Exercise instructions: Word for word, set down the lines from the one that contains "ネイル ハンドネイル IK_ nailのネイルデザイン" through the final line of the data; no pictures belong in the copy.

(Short web captions)
________________________________________

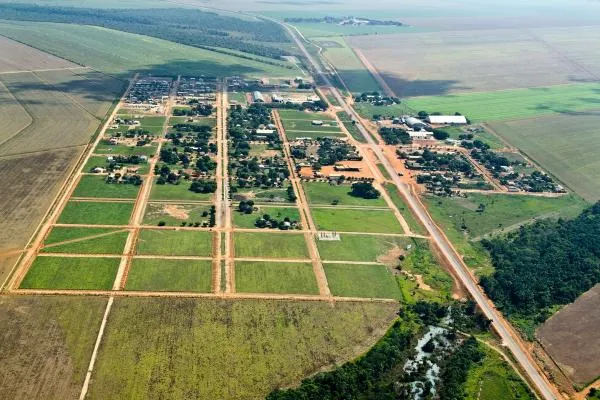 Requerimento reforça pedido por construção de viaduto na BR-163, no Distrito de Primavera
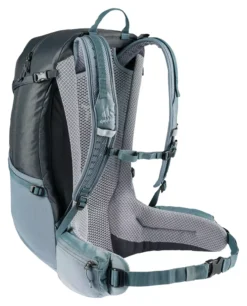 Deuter Futura 29 EL -Camping-Ausrüstung Verkaufsgeschäft 3400421 4409 Futura 29 EL d03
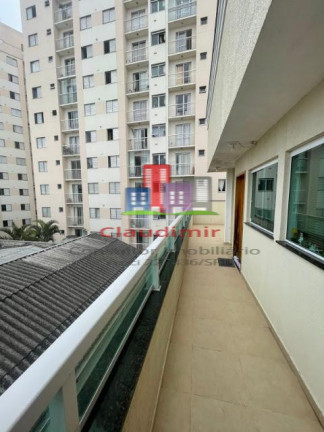 Imagem Apartamento com 2 Quartos à Venda, 54 m² em Vila Guilhermina - São Paulo
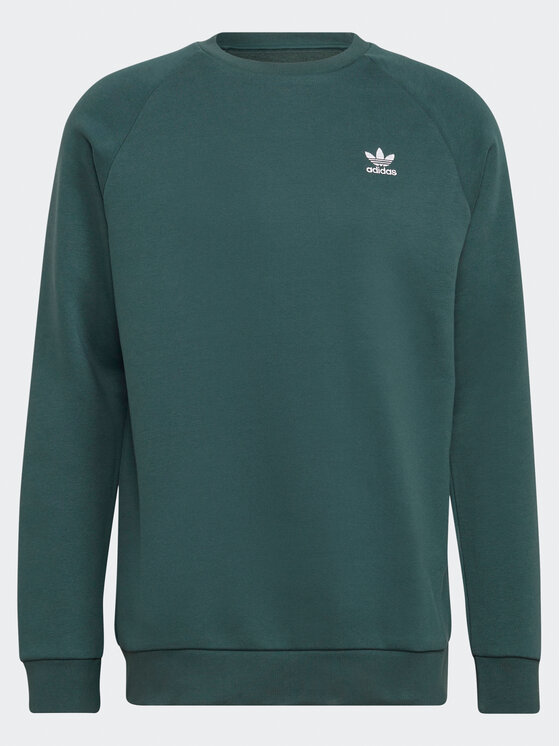 adidas Adicolor Essentials Trefoil Crewneck Sweatshirt HJ7993 Regular Fit Modivo.ua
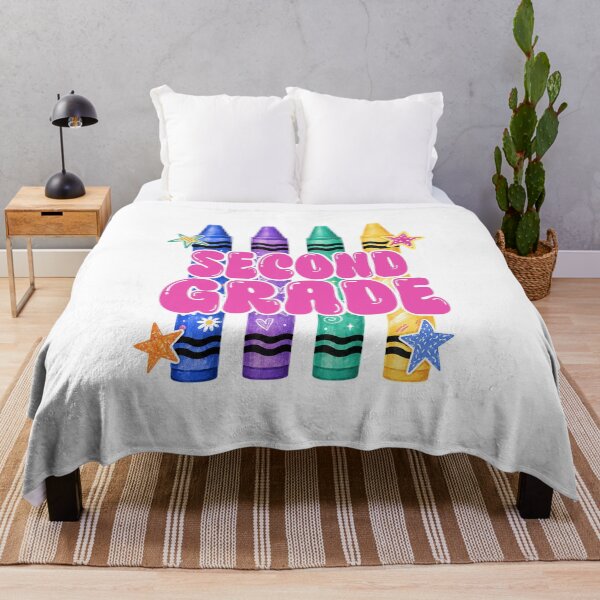 Item preview, Second Grade, Bruh We Back, Teacher Lover, Education designed and sold by vintagearttee.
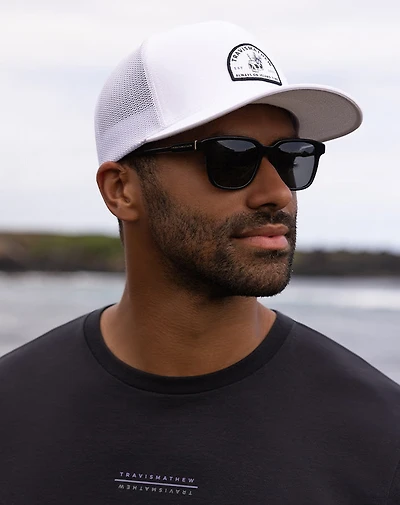 Venus Pool Snapback Hat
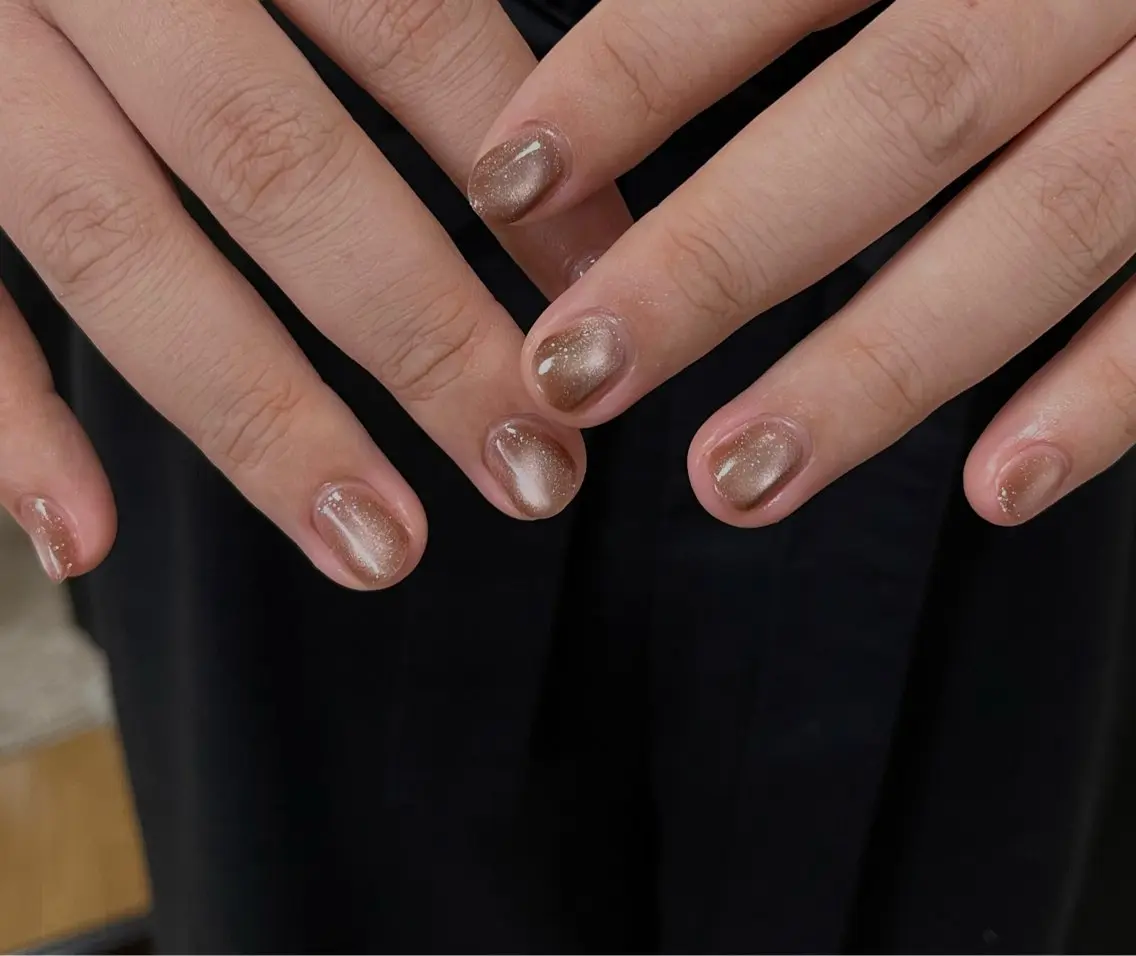 ネイル ハンドネイル IK_ nailのネイルデザイン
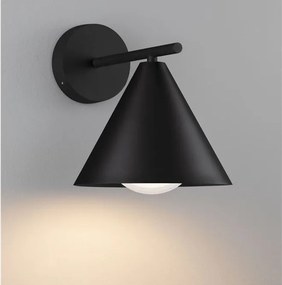 Aplica de perete exterior IP65 ORIX negru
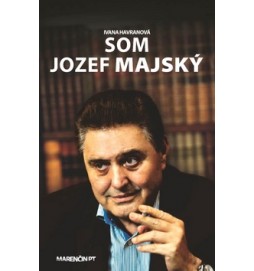 Som Jozef Majský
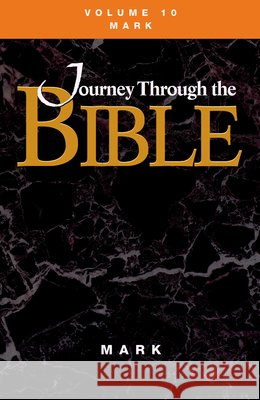 JTTB; Mark - Volume 10 (Student) C Clifton Black 9781426789526 Cokesbury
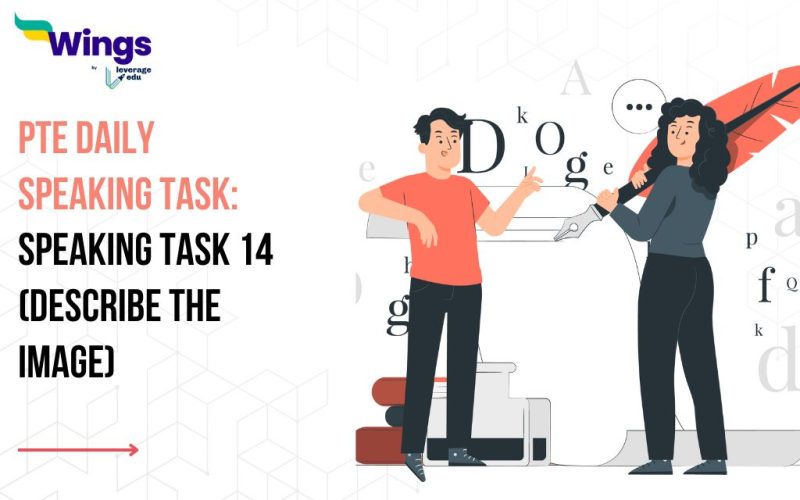 PTE Daily Speaking Topic: Speaking Task 14 (Describe the image)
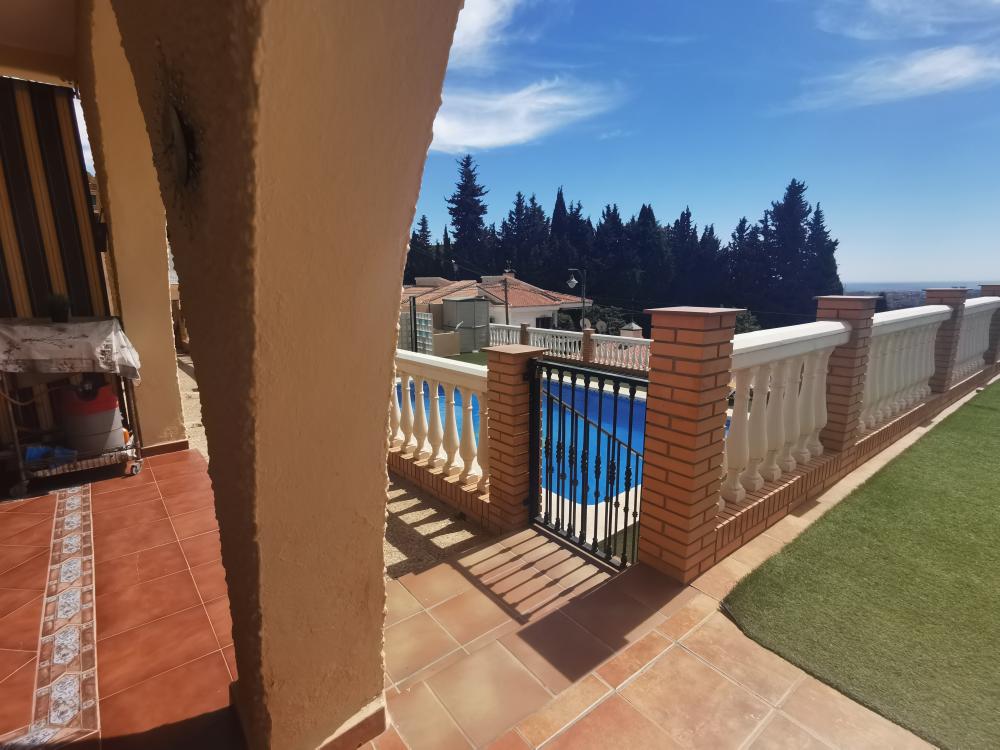  te koop villa Puerto De La Torre Málaga-Costa Del Sol 25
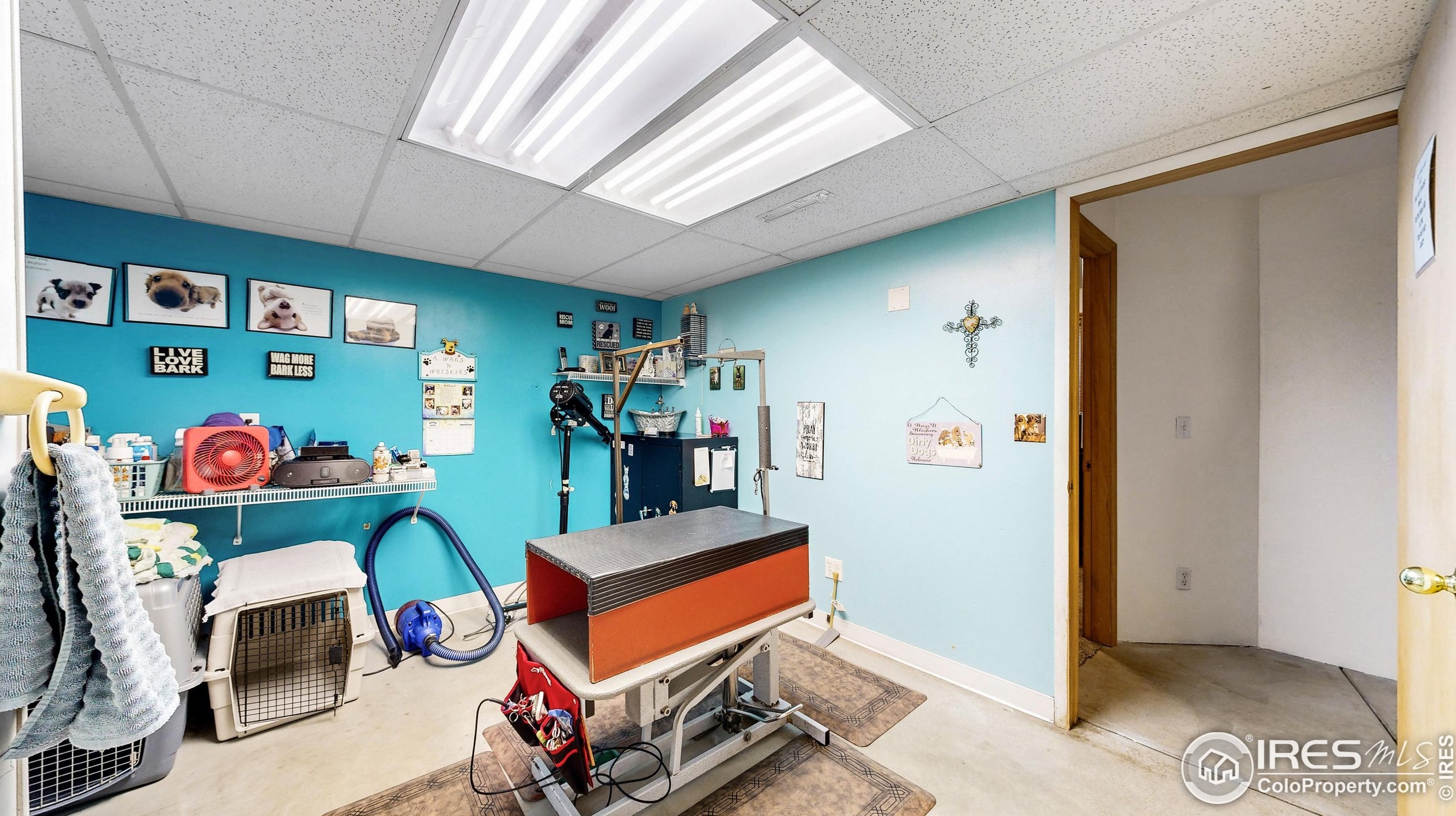 301 44th Avenue Ct, Greeley CO 80634-1091 exterior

________________________________________

Final answer:
 ネイル ハンドネイル IK_ nailのネイルデザイン
 Aplica de perete exterior IP65 ORIX negru
 Som Jozef Majský
 JTTB; Mark - Volume 10 (Student) C Clifton Black 9781426789526 Cokesbury
 PTE Daily Speaking Topic: Speaking Task 14 (Describe the image)
  te koop villa Puerto De La Torre Málaga-Costa Del Sol 25
 301 44th Avenue Ct, Greeley CO 80634-1091 exterior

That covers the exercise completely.